Can Perry afford to pull out of televised debates?

After a series of poor performances, the Texas governor will pull out of some debates. It is a high

Rick Perry, the Texas governor and Republican presidential hopeful, may pull out of some televised debates after a string of poor performances.

Perry, a latecomer to the race to become the Republican candidate in the 2012 election, quickly became the frontrunner, before falling behind due to a series of mistakes.

Mitt Romney, the former Massachusetts governor, retains the lead in the national polls, as well as being steps ahead on organisation and fundraising.

Perry's team are keen to refute the perception that their candidate running scared, saying that the heavy debating schedule is preventing him from spending time with voters. His spokesman, Ray Sullivan, said:

There have been eight Republican debates so far, five since Gov. Perry got in. We certainly respect the process, but when you've got eight or nine candidates and 30 seconds to a minute (to answer a question or provide a rebuttal), it takes valuable time away from campaigning in Iowa as those elections approach.

Perry himself has tried to downplay the importance of debates. When Fox News asked if he'd made any mistakes in the race, he said:

These debates are set up for nothing more than to tear down the candidates. It's pretty hard to be able to sit and lay out your ideas and your concepts with a one-minute response.

So, you know, if there was a mistake made it was probably ever doing one of the (debates) when all they are interested in is stirring it up between the candidates instead of really talking about the issues that are important to the American people.

Essentially, Perry is returning to the same strategy that helped him to win three elections as governor of Texas. He is well aware that he is not a strong debater, and in previous elections (he has never lost one), he has debated his rivals only when there is no other option. He has relied on his personal charisma and ability to connect with voters personally - but it is hard to see how this will be as effective on a national scale. Televised debates give candidates a huge amount of free media exposure to primary voters who may not otherwise know who they are.
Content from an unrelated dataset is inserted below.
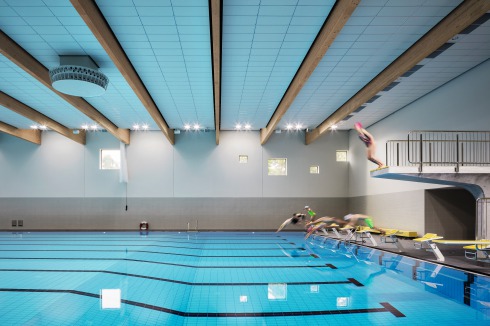 bauwelt schwimmbad blu in potsdam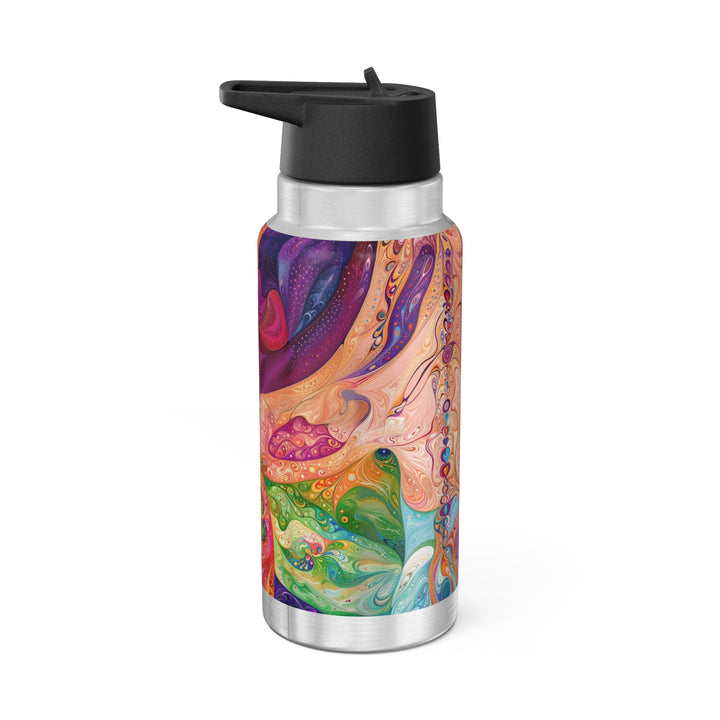 Vibrant Swirl Fantasy - Gator Tumbler 32oz - Mug - g(0D·IO) - Silver - 32oz -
Perry has not ruled out appearing in any debates, but his team say they will decide this on a case by case basis. His decision has sparked much discussion in the US. While some commentators concede that there are too many debates, and that the format does not lend itself to deep discussion, there is unanimous agreement that Perry's poor performance so far suggests he is simply afraid of coming off badly. A spokesman for his rival Rick Santorum summed up the negative viewpoint:

How can Gov. Perry expect anyone to trust he can take on Obama and the Democratic machine when he thinks debating his fellow Republicans is too tough?

Other candidates could follow his lead and bow out of some debates too, which would reduce this perception. What is certain is that this is a high risk strategy.

Samira Shackle is a freelance journalist, who tweets @samirashackle. She was formerly a staff writer for the New Statesman.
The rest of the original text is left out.